Lorsque l’opposition aux termes du paragraphe 318(2) a une certaine légitimité, la Cour peut demander aux parties de présenter des observations selon un échéancier précis. Il peut cependant arriver que la Cour n’ait pas besoin que d’observations; il peut y avoir un doute réel ou une certaine complexité, ou il se peut que les parties doivent présenter des éléments de preuve pour étayer ou contester l’opposition. Dans de tels cas, la Cour peut obliger le décideur administratif à procéder par voie de requête écrite aux termes de l’article 369. Cet article prévoit un dossier de requête, un dossier de réponse et des prétentions en réponse au dossier de réponse, ainsi que les délais pour déposer ces documents. Les dossiers de requête doivent comprendre des affidavits et des prétentions écrites.

[13]           Selon la demanderesse, les documents ne sont pas protégés par un privilège en l’espèce.

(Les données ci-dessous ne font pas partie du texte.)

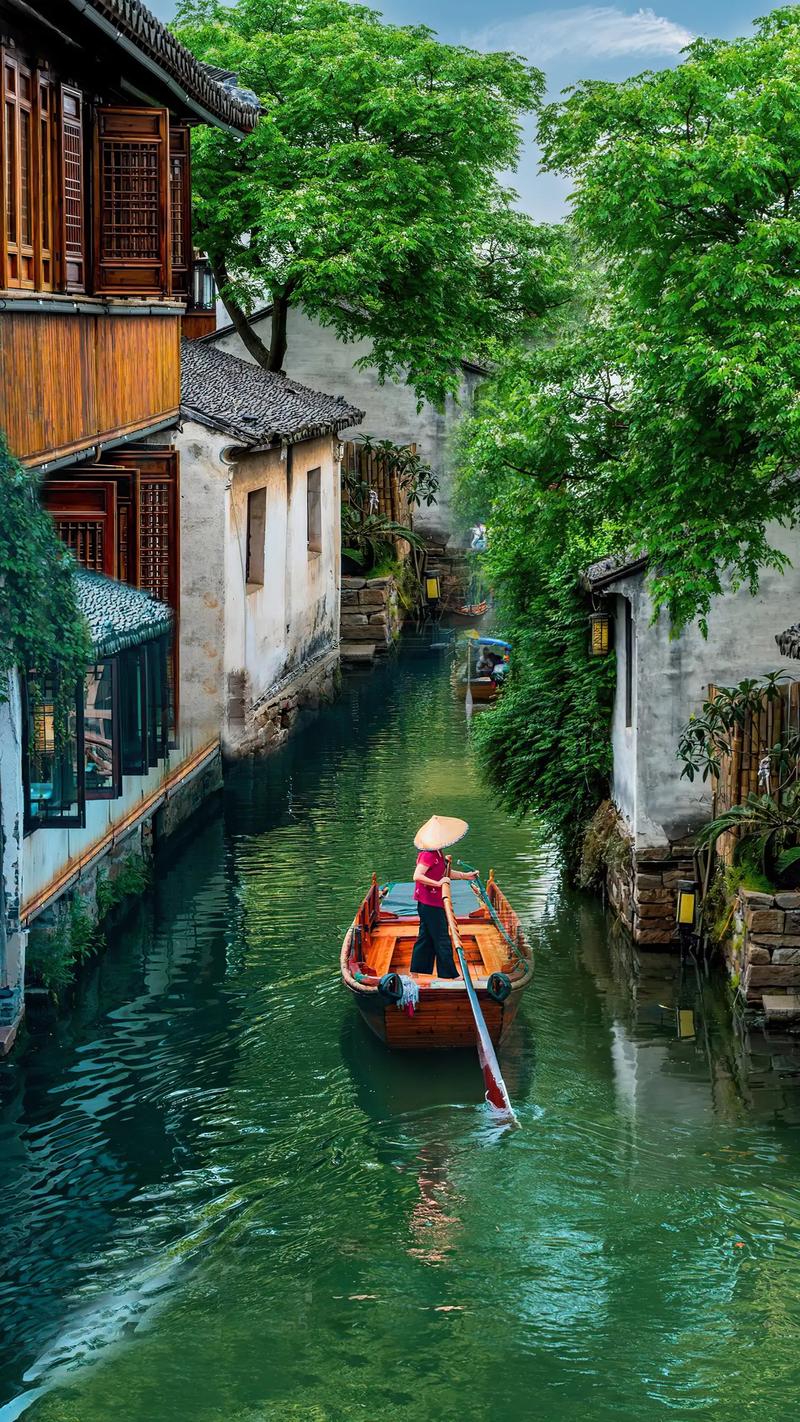 浙江是江南嗎:深入解析浙江與江南的地理、文化與歷史連結 1 浙江是江南嗎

Il incombe à la Commission de prouver qu’ils le sont. En affirmant simplement qu’ils le sont, la Commission ne s’acquitte pas de son fardeau de preuve.

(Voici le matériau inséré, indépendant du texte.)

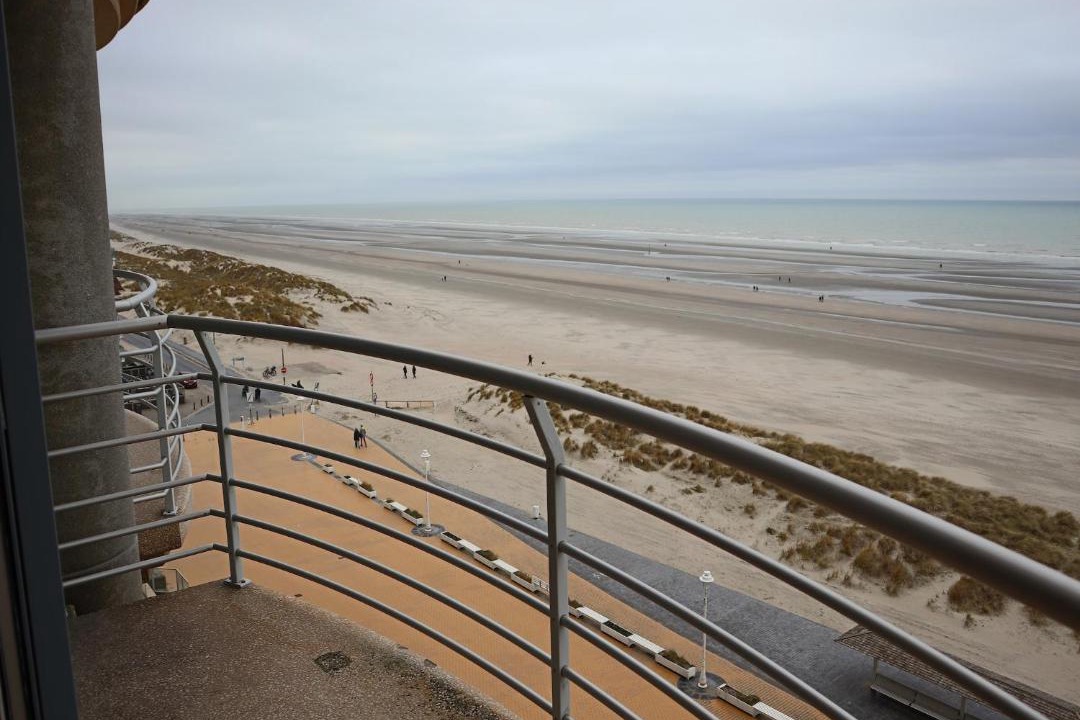Photo of Patio Balcony in Nieuwpoort-aan-Zee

[14]           Même si la simple affirmation de la Commission était admise, elle ne va pas suffisamment loin. La Commission déclare que les documents ont été reçus et envoyés par ses services juridiques. C’est bien, mais ce fait ne permet pas à lui seul d’établir l’existence du secret professionnel des avocats. Par exemple, l’objectif principal ayant présidé à la création des documents doit être établi. Il peut concerner autre chose que la prestation de conseils juridiques, comme des communications sur les affaires générales de la Commission.

[15]           En l’espèce, la Commission était tenue de présenter des observations, rien de plus. Elle ne pouvait produire de preuve. De plus, la question à l’égard de laquelle il lui était demandé de soumettre des observations était celle de savoir si les documents étaient nécessaires pour permettre à la demanderesse de préparer l’affidavit à l’appui de sa demande de contrôle judiciaire. Essentiellement, ni la Commission ni la demanderesse n’ont eu l’occasion de produire une preuve sur l’existence du privilège, et la demanderesse n’a pu contre‑interroger la Commission, au besoin, à l’égard de sa preuve.

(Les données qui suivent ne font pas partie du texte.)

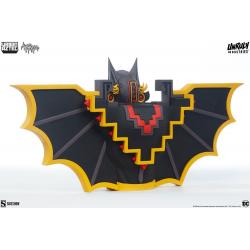 DC Comics Designer Series Vinyl Statue Batman by Jesse Hernandez 21 x 43 cm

[16]           La solution que propose l’arrêt Lukács consiste pour la Commission à demander par voie de requête, en vertu de l’article 369 des Règles, une ordonnance faisant droit à son opposition aux termes de l’article 318 des Règles, c.‑à‑d. sa prétention quant à l’existence du secret professionnel des avocats. La Commission est la partie à qui il revient de présenter cette requête, comme c’est à elle de démontrer le bien‑fondé de sa prétention. Procéder par requête règle les problèmes mentionnés au paragraphe précédent : chaque partie aura l’occasion de produire sa preuve et, au besoin, de contester la preuve adverse.

[17]           Une ordonnance enjoindra à la Commission de présenter une requête si elle entend toujours s’opposer à la transmission aux termes de l’article 318 des Règles. L’ordonnance réglera aussi des questions accessoires. Une fois que tous les documents requis auront été déposés, la requête pourra m’être soumise pour décision.

[18]           Je relève avant de conclure que l’intitulé ne semble pas conforme. Aux termes du paragraphe 303(2) des Règles, l’intimé est le procureur général du Canada, et non le Conseil du Trésor. À moins que les parties ne me persuadent du contraire dans leurs prétentions écrites accompagnant la requête, je procéderai également à la modification de l’intitulé.

« David Stratas »

j.c.a.


COUR D’APPEL FÉDÉRALE

AVOCATS INSCRITS AU DOSSIER


DOSSIER :

A-425-16

 

INTITULÉ :

ELIZABETH BERNARD c. ALLIANCE DE LA FONCTION PUBLIQUE DU CANADA ET CONSEIL DU TRÉSOR

 

REQUÊTE JUGÉE SUR DOSSIER SANS COMPARUTION DES PARTIES

MOTIFS DE L’ORDONNANCE :

LE JUGE STRATAS

 

DATE DES MOTIFS :

LE 16 FÉVRIER 2017

 

OBSERVATIONS ÉCRITES :

Elizabeth Bernard

 

POUR SON PROPRE COMPTE

 

Caroline Engmann

POUR LE CONSEIL DU TRÉSOR, INTIMÉ

Amanda Montague-Reinholdt

 

POUR L’ALLIANCE DE LA FONCTION PUBLIQUE DU CANADA, INTIMÉE

 

AVOCATS INSCRITS AU DOSSIER :

William F. Pentney

Sous‑procureur général du Canada

POUR LE CONSEIL DU TRÉSOR, INTIMÉ

Raven, Cameron, Ballantyne & Yazbeck LLP/s.r.l.